China has officially launched its first offshore carbon capture, utilization and storage (CCUS) project, a major step toward low-carbon energy development at sea.
Source: Xinhua News Agency
China has officially launched its first offshore carbon capture, utilization and storage (CCUS) project, a major step toward low-carbon energy development at sea. Operated by China National Offshore Oil Corporation (CNOOC), the project is located at the Enping 15-1 platform in the Pearl River Mouth Basin.
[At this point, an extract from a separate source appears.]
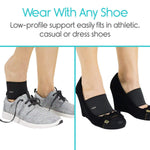 ADJUSTABLE ARCH SLEEVES, RIBBED, 6 GEL INSERTS, UP TO 10.5" ARCH, 1 PAIR, BLACK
The facility captures CO₂ produced during oil extraction, purifies and compresses it into a supercritical state, and injects it back into an undersea reservoir through a dedicated well. The process starts at an injection rate of 8 tonnes per hour and is designed to both enhance oil recovery and permanently store carbon—pioneering a closed-loop approach to offshore energy: using carbon to extract oil, and oil to lock away carbon.
Located about 200 kilometers southwest of Shenzhen in waters roughly 90 meters deep, Enping 15-1 is Asia’s largest offshore crude production platform. The surrounding cluster of oilfields can produce over 7,500 tonnes of oil per day at peak capacity. The oilfield has a high CO₂ content, which, if developed through conventional means, would bring carbon dioxide to the surface alongside crude oil—risking corrosion of offshore infrastructure and increasing emissions.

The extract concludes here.